Tell me about your passion for picture books. When did it start? What about picture books excites you?


When I did my MFA in children’s literature, I had the opportunity to deep-dive into the mechanics of picture books. Picture books, in my opinion, are the most elevated art form. There is just so much opportunity to create meaning - using page breaks, blank space, end papers, gutter, text size, spot art, etc. In the best picture books, words and illustrations each do half the storytelling, sometimes complementing and sometimes countering each other. Preschoolers talk a lot about not bumping each other’s words (interrupting), and that’s important in a picture book, too - the words and illustrations can’t bump into each other’s storytelling work, creating redundancies. They have to leave room for each other.


Q. What have you been doing with preschoolers specifically?


Ashley and I had a conversation earlier this year about a theory book I’d recently read, Reading Picture Books With Children by Megan Dowd Lambert. That’s opposed to “to” children. Lambert’s research on her “Whole Book Approach” shows that children understand, retain, and analyze on a higher level when they interact with books instead of just listening to them. She advocates giving children the technical language necessary to describe what’s happening in a book, and encouraging them to interrupt and comment during reading. Ashley invited me to come to preschool once a week to introduce the Whole Book Approach to her class.

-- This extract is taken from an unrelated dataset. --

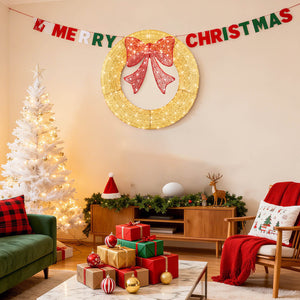 Sweetcrispy Illuminated Christmas Wreath - Outdoor Holiday Decor with Remote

When I read with the preschool, I say, “We’re going to read this book together. I’ll read the words to you, and you’ll read the pictures to me.” Then I’ll explain a technical term that I think will be helpful. For example, before we read Hot Dog by Doug Salati, I introduced the term “gutter”. The gutter is the centerline of a book, where two open pages meet. It’s often used to separate and group images. Hot Dog is about a dog overheating on a summer day, and the kids noticed that when the dog was upset, the gutter separated it from its owner. When the owner takes her dog to the beach, they’re shown on the same side of the gutter. The kids’ technical knowledge enhanced their ability to track the emotional story through the images. As I read, I stop on every page and give time for responses. Sometimes I ask, “what do you notice about this page?” or remind the kids of a technical term, i.e. “what do you notice about blank space here?” but I try not to prompt more than that. 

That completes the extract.